__Your objective__. Line by line, return the listing exactly, without any of the images.

__Data__.
━━━━━━━━━━━━━━━━

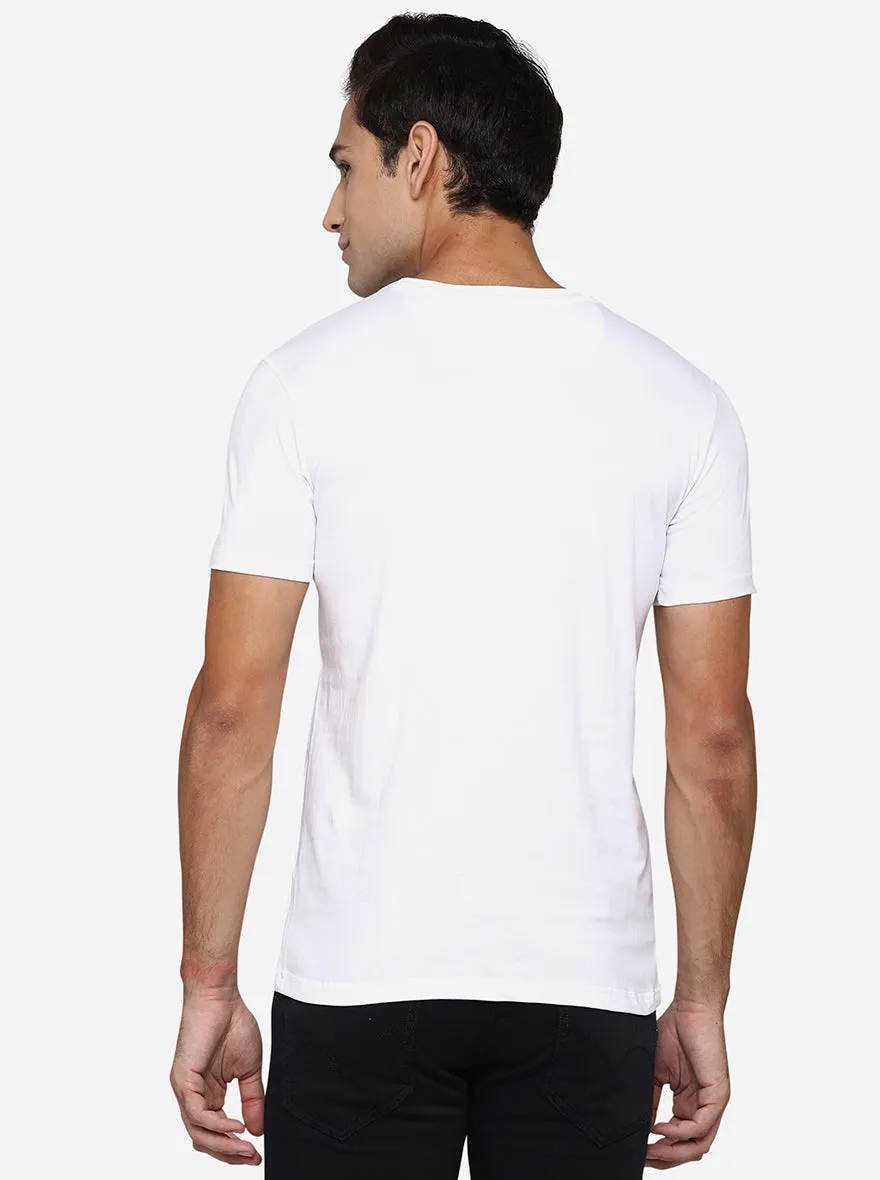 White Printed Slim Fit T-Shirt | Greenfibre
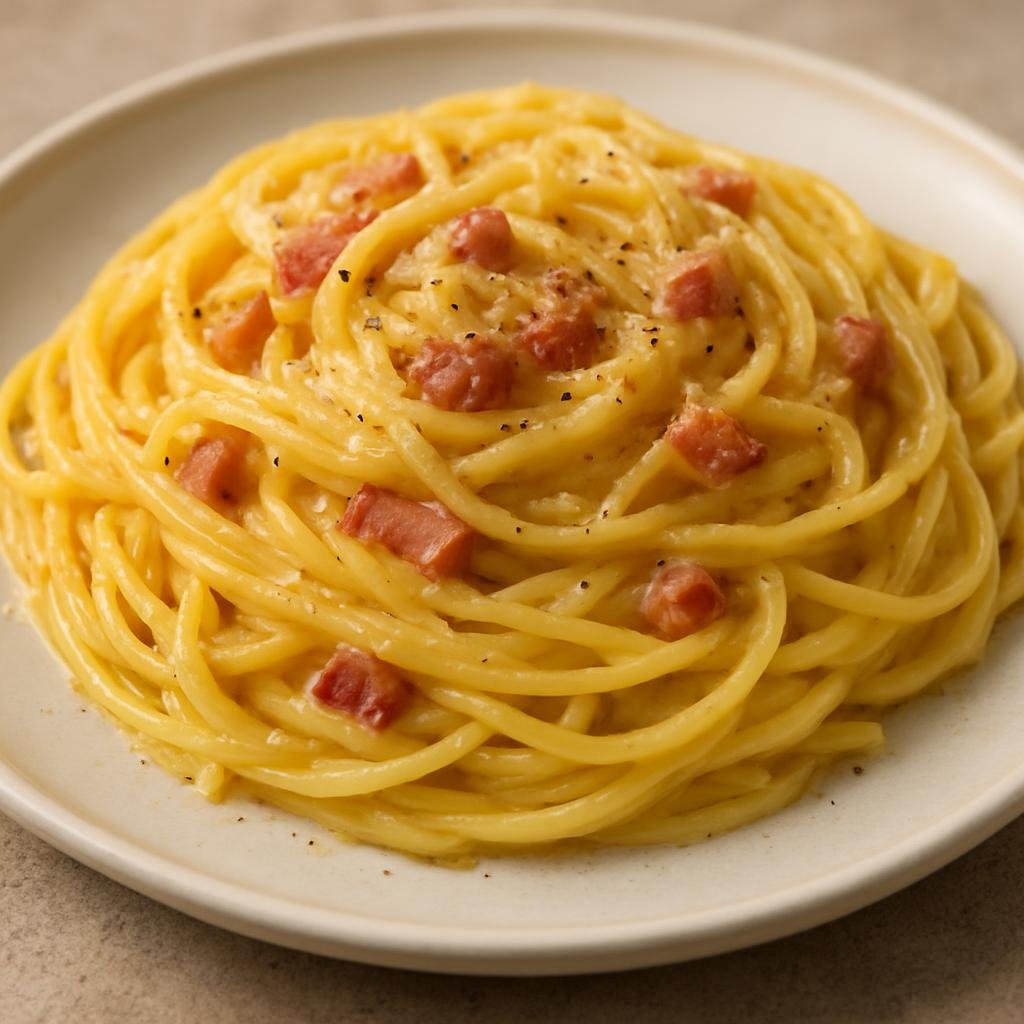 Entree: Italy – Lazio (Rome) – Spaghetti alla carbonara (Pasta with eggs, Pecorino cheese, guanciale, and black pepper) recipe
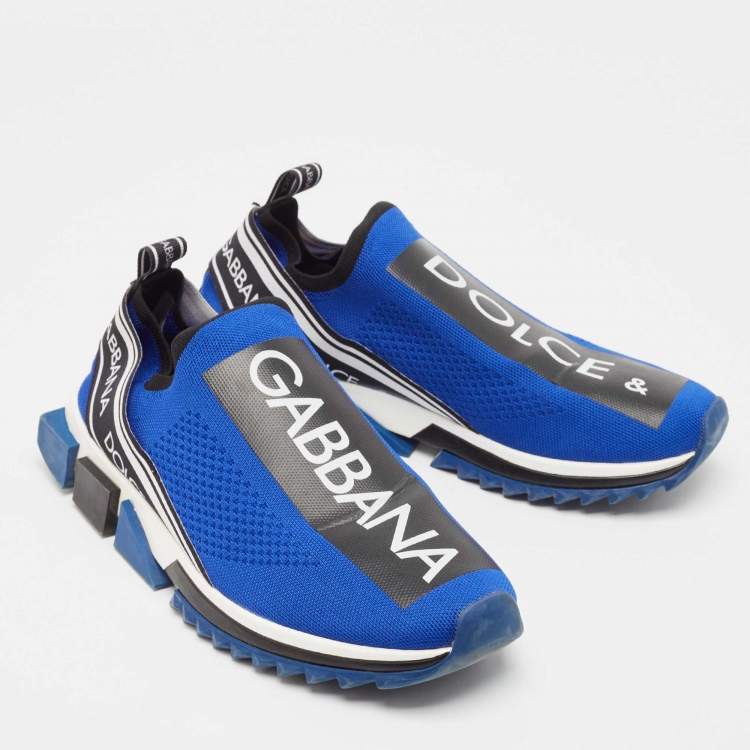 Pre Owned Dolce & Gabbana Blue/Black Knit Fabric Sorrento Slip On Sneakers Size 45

━━━━━━━━━━━━━━━━

__Exercise response__.
 White Printed Slim Fit T-Shirt | Greenfibre
 Entree: Italy – Lazio (Rome) – Spaghetti alla carbonara (Pasta with eggs, Pecorino cheese, guanciale, and black pepper) recipe
 Pre Owned Dolce & Gabbana Blue/Black Knit Fabric Sorrento Slip On Sneakers Size 45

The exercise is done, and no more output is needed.